ASSIGNMENT: Tell how many lines contain the string "Glass" in the material underneath; the reply is that number and no more.

GIVEN INFORMATION:
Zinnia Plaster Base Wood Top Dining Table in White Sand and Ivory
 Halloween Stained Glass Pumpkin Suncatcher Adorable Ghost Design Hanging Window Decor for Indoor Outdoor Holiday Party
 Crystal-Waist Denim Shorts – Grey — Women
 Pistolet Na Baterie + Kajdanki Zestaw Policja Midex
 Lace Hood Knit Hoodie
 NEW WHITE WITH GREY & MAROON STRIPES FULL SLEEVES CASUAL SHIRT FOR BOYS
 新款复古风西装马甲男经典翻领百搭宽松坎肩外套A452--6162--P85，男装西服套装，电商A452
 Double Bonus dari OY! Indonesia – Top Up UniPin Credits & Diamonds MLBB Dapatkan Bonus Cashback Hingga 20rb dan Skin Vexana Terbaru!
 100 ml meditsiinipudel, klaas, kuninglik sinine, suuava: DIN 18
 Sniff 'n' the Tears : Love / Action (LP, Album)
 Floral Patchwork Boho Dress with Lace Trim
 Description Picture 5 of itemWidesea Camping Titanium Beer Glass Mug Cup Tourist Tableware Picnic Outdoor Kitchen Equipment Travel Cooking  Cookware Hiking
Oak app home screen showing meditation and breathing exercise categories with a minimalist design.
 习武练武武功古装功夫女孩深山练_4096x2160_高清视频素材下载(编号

SOLUTION FOR THIS PROBLEM: 2